Tek yeşil ağaç kalmadı!
Milas’ta yangının Beyciler’den, Bodrum’da Gökpınar’dan başladığını hatırlatan Başkan Tokat, “Kısa sürede tahribat birleşti. Şimdi Kemerköy’den Bodrum’a tek yeşil ağaç kalmadı. Benzer bir yangını biz 6 yıl önce gördük. Ama o zaman söndürmek için çaba görmüştük. Ama bunda öyle olmadı. İlk günden itibaren hava desteğinin yetersiz kaldığını söyledik. Ama anlatamadık. 10 mahallemiz zarar gördü. Oysa hızlı müdahale olsaydı Milas’ta yangın en geç 2. gün, Çökertme yanmadan söndürülürdü. İçişleri Bakanlığı’na soruyoruz, ‘Uçaklar geliyor siz görmüyorsunuz’ diyen oldu. En son Gürceğiz Muhtarı tek başına mücadele verdi. Şimdi alevlerin Yeniköy Termik Santrali’ne ulaşması korkusuyla, müdahaleyi artırdılar, yol kenarlarındaki ağaçları kesiyorlar. Bölgelerde soğutma çalışması sürüyor. Ama rüzgarın şiddeti ve yönü çok önemli” diye konuştu.
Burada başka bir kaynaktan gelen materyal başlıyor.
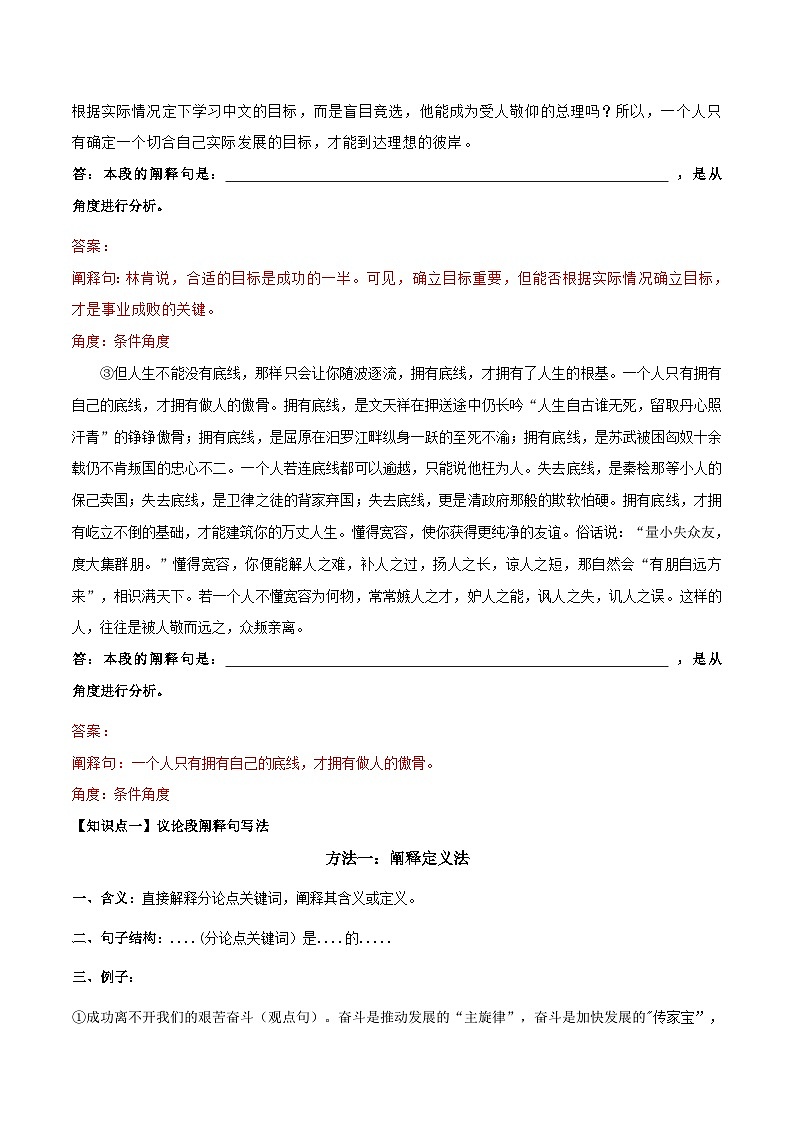 中考语文二轮复习议论文实用写作方法练习第04课 中间段落之阐释句写作方法（教师版）第3页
‘Önleme sistemi kurulmalı’
İklim değişikliğiyle bölgede yangın riskinin her daim olacağını belirten Tokat, “Maalesef orman muhafaza memurları, bütçe kısıtlaması nedeniyle 2 yıldır görev yapmıyor. Ormanlarımız yangına açık durumda. Oysa artık teknolojik dronelarla tespit edilip, anında büyümeden söndürülmeli. Milas’ta güçlü hızlı, koruma ve önleme sistemleri kurulmalı. Ormanların yoğun olduğu bölgelerimizde helikopter değil uçaklar hazır bekletilmeli” diye konuştu.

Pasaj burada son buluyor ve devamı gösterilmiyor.